• Record excerpts:
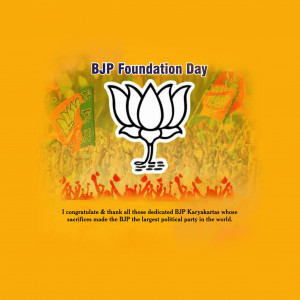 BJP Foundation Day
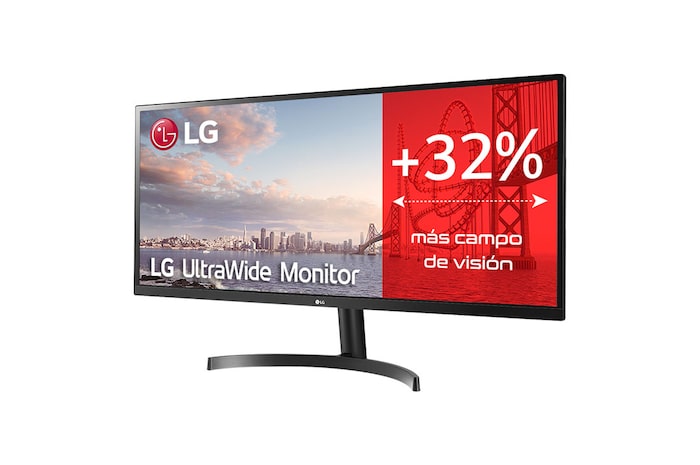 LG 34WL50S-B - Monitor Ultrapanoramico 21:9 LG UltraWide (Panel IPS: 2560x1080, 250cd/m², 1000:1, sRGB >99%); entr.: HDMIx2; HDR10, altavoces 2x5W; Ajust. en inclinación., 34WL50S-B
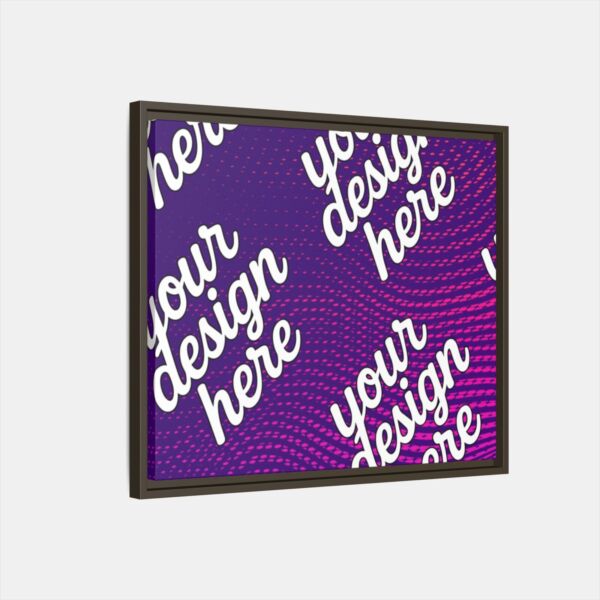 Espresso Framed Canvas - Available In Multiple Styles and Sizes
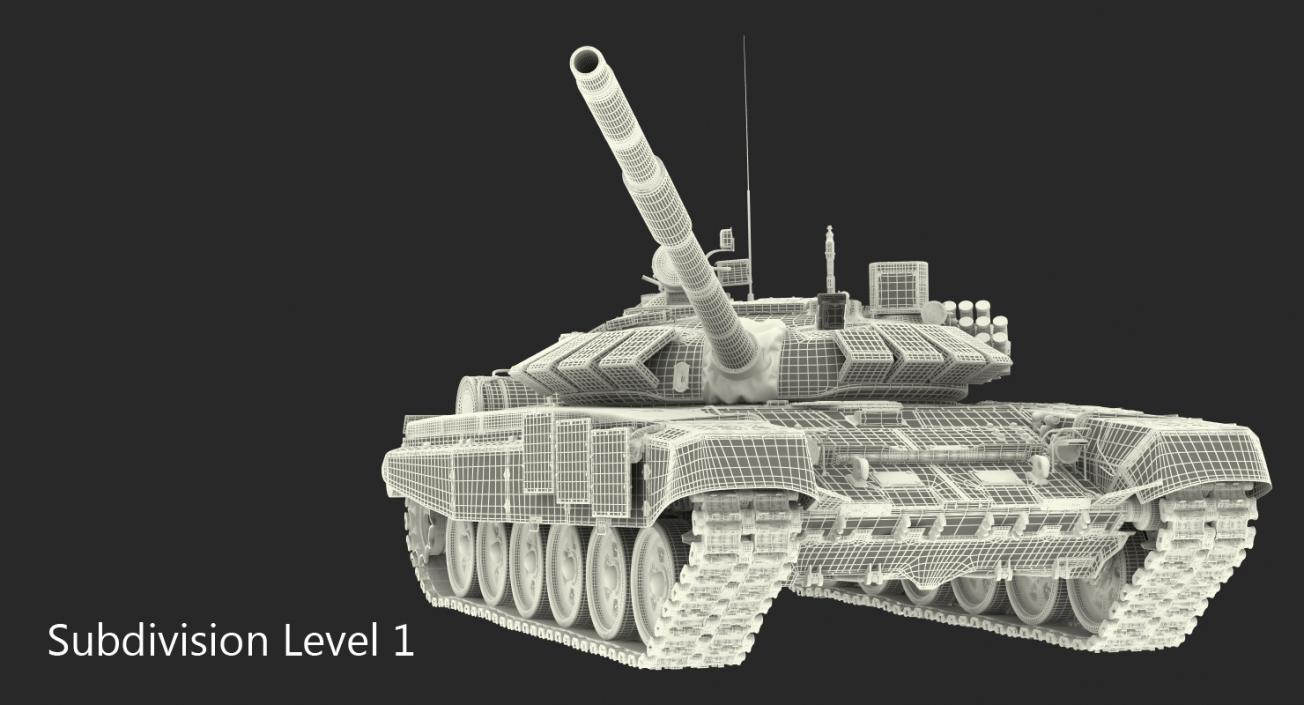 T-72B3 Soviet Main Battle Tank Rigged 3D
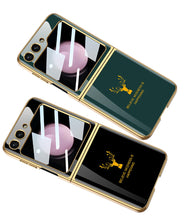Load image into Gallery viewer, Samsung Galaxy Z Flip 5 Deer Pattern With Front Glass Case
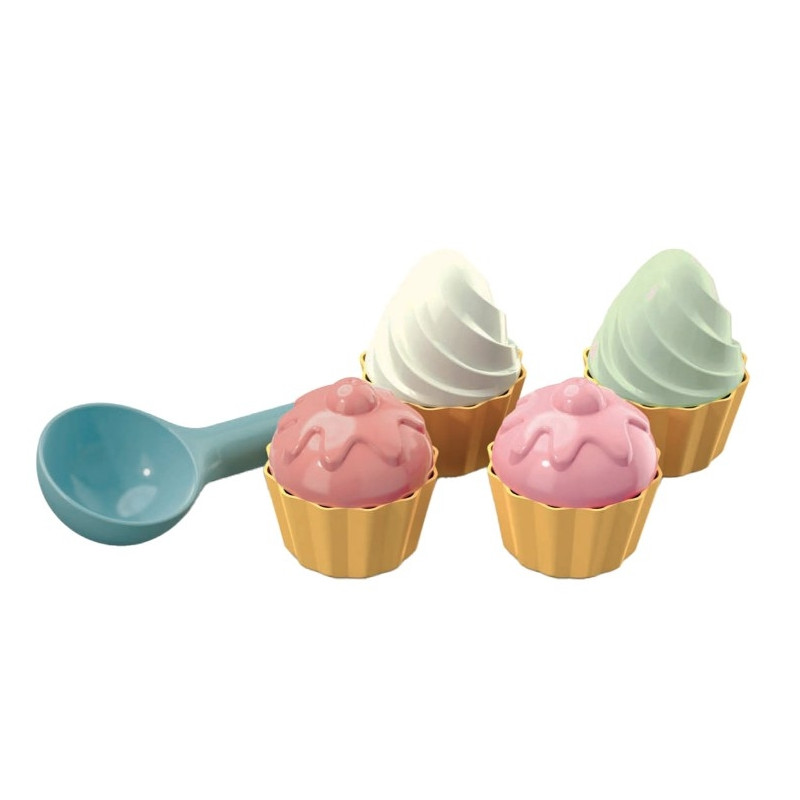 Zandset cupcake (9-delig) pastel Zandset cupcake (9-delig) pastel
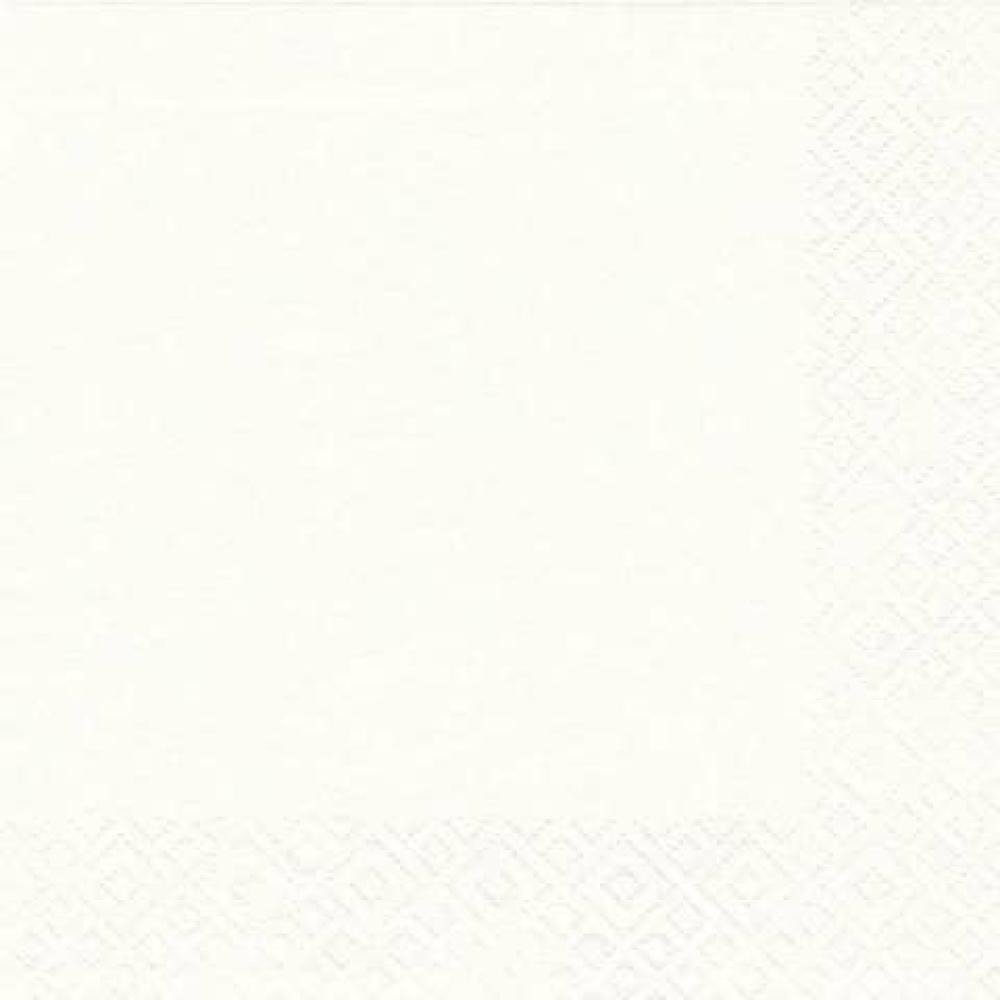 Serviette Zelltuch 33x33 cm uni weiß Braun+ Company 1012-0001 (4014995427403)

--

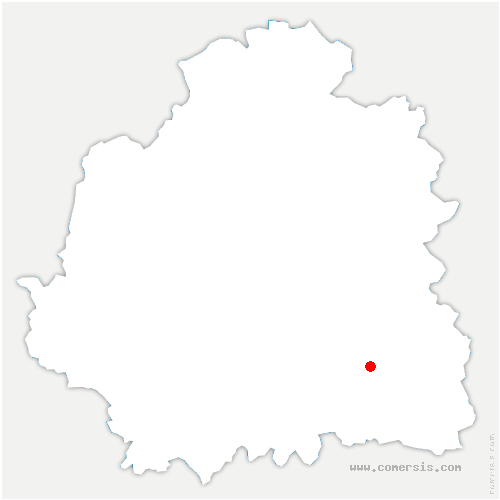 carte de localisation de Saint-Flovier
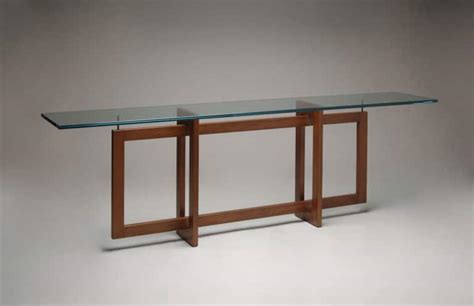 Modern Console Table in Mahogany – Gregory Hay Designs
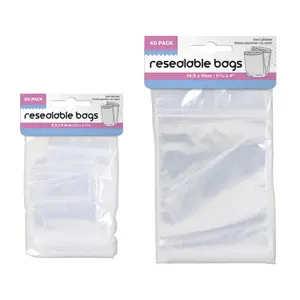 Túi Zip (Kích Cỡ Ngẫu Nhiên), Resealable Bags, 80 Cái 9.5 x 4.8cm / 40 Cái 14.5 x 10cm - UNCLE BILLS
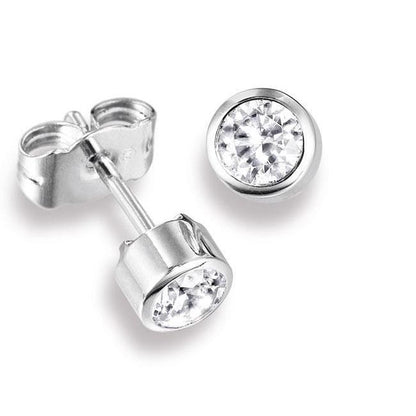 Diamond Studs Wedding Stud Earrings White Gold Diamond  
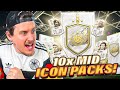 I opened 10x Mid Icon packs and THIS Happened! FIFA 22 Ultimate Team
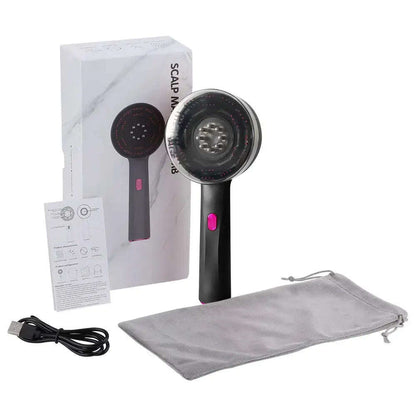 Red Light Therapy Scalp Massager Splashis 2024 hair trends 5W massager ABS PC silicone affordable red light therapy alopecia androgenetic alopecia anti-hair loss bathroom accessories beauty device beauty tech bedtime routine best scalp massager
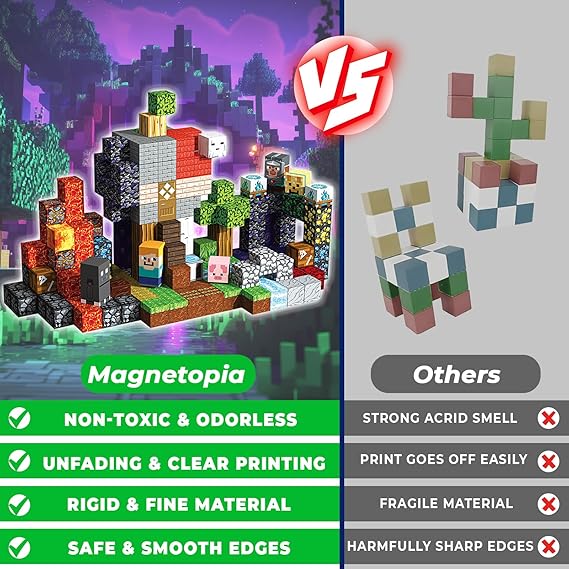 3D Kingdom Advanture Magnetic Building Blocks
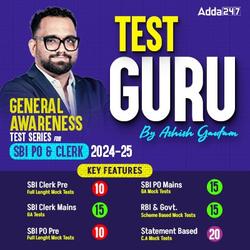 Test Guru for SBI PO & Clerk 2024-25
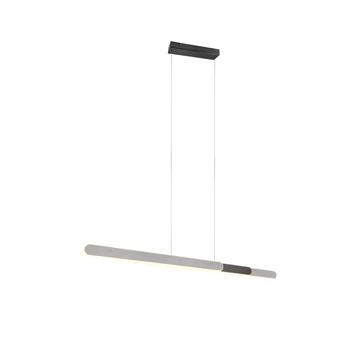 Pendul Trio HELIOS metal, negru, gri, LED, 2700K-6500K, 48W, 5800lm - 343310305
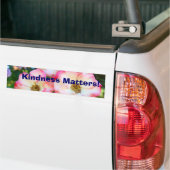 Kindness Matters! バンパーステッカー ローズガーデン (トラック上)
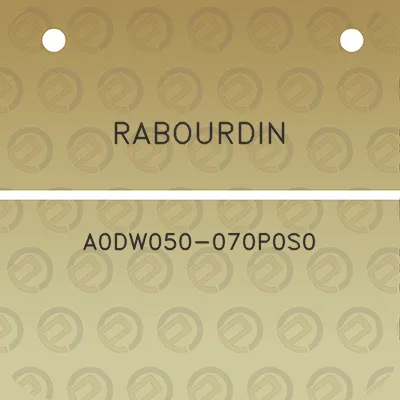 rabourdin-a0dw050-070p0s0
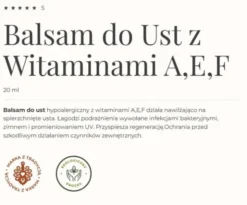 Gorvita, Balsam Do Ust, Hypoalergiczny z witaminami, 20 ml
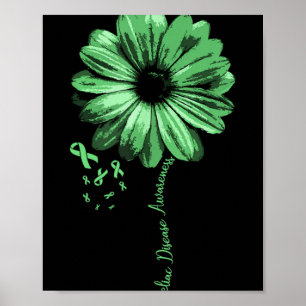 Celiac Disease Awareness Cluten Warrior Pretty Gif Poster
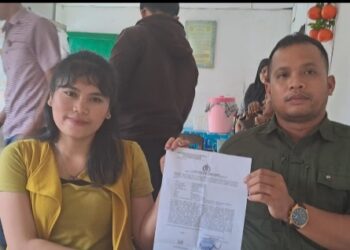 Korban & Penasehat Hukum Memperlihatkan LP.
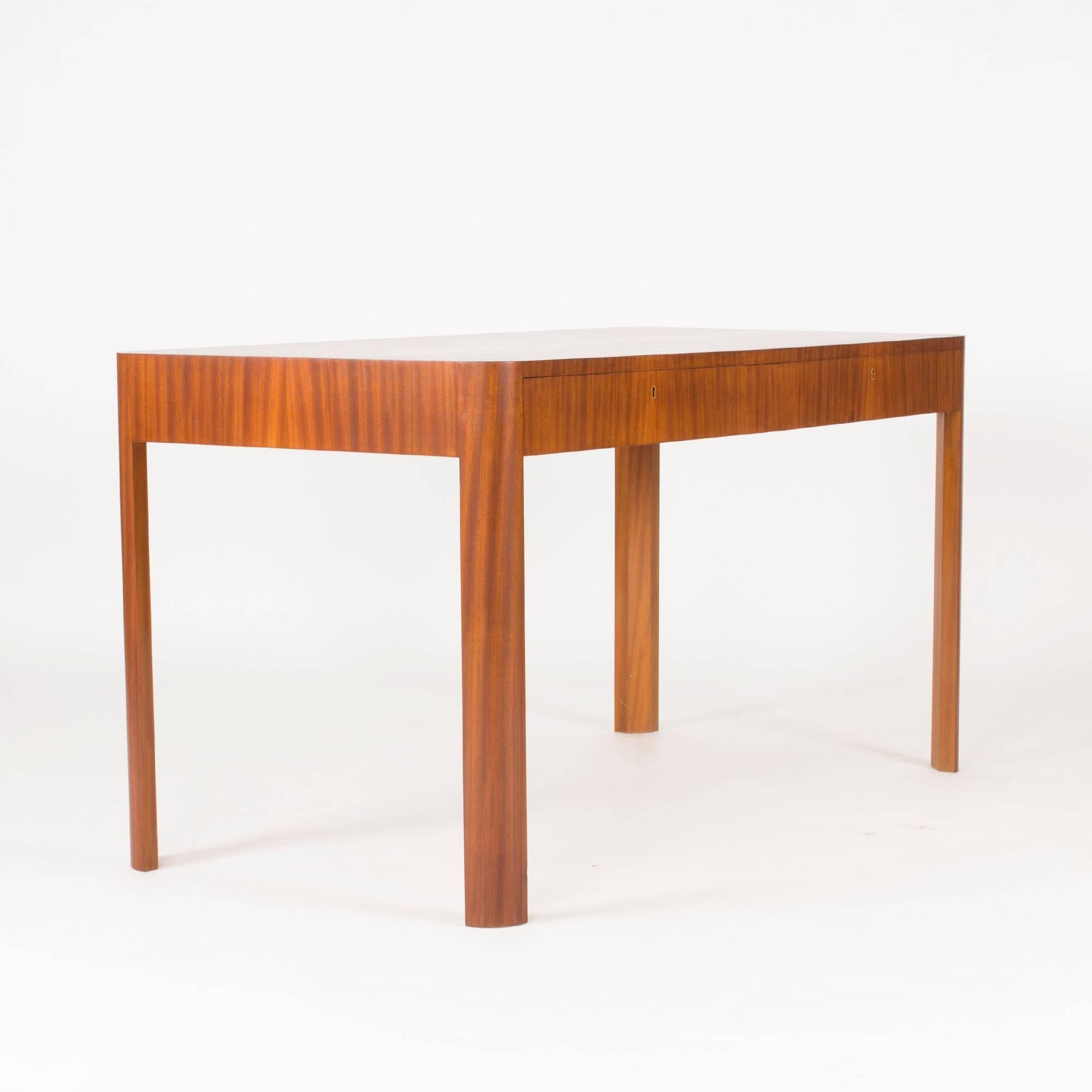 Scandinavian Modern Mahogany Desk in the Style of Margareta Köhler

• Task statement:
Print exactly, with no pictures, the lines above from the one that holds "Celiac Disease Awareness" through the one that holds "Scandinavian Modern Mahogany", both of them included.

• Solution below:
 Celiac Disease Awareness Cluten Warrior Pretty Gif Poster
 Korban & Penasehat Hukum Memperlihatkan LP.
 Scandinavian Modern Mahogany Desk in the Style of Margareta Köhler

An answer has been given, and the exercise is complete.